The answer consists solely of the lines running from the one with "to New York." through the final line below, transcribed exactly and without any pictures.

Given material =>

• • • • •

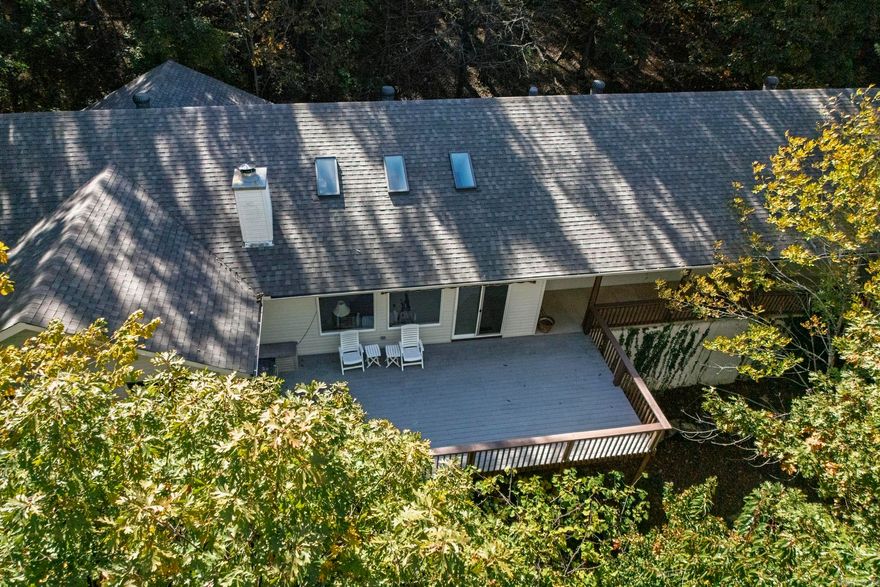 2.5% assumable mortgage. This is a very unique property sitting on 1.33 acres, you must see in person to really appreciate. A modern CUSTOM with a mid century flare. Open floor plan, high ceilings, lots of windows to enjoy the beautiful wooded scenery. Spectacular winter mountain views are just a month away. The Chefs Kitchen is situated perfectly to interact with your guests when you have them or to just appreciate your surroundings in solitude. All appliances convey and the pantry gives you all kinds of bonus storage. 3 Bedrooms and 3 baths, all a generous size. One is set up as an office with built-in's that include a Murphy bed. Wood burning stove in the family room as character and makes for a cozy winter. Large laundry/mud space and an oversized garage. Wider driveway with extra parking areas. Roof December 2024.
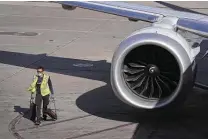  ?? Joe Raedle / Getty Images ?? A ground crew member helps push American Airlines Flight 718 away from its gate at Miami Internatio­nal Airport on Tuesday in its first flight to New York.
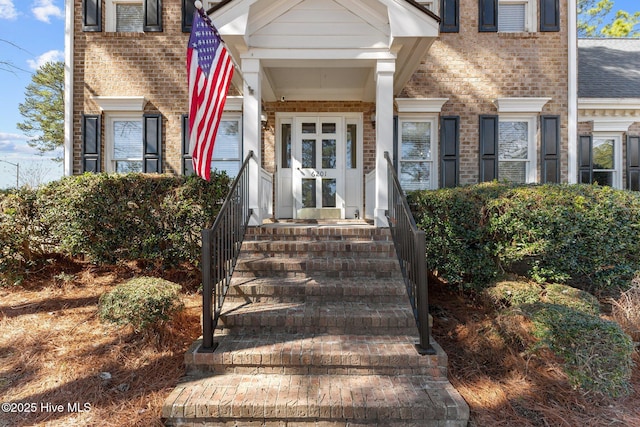 doorway to property with brick siding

• • • • •

Answer space =>
  ?? Joe Raedle / Getty Images ?? A ground crew member helps push American Airlines Flight 718 away from its gate at Miami Internatio­nal Airport on Tuesday in its first flight to New York.
 doorway to property with brick siding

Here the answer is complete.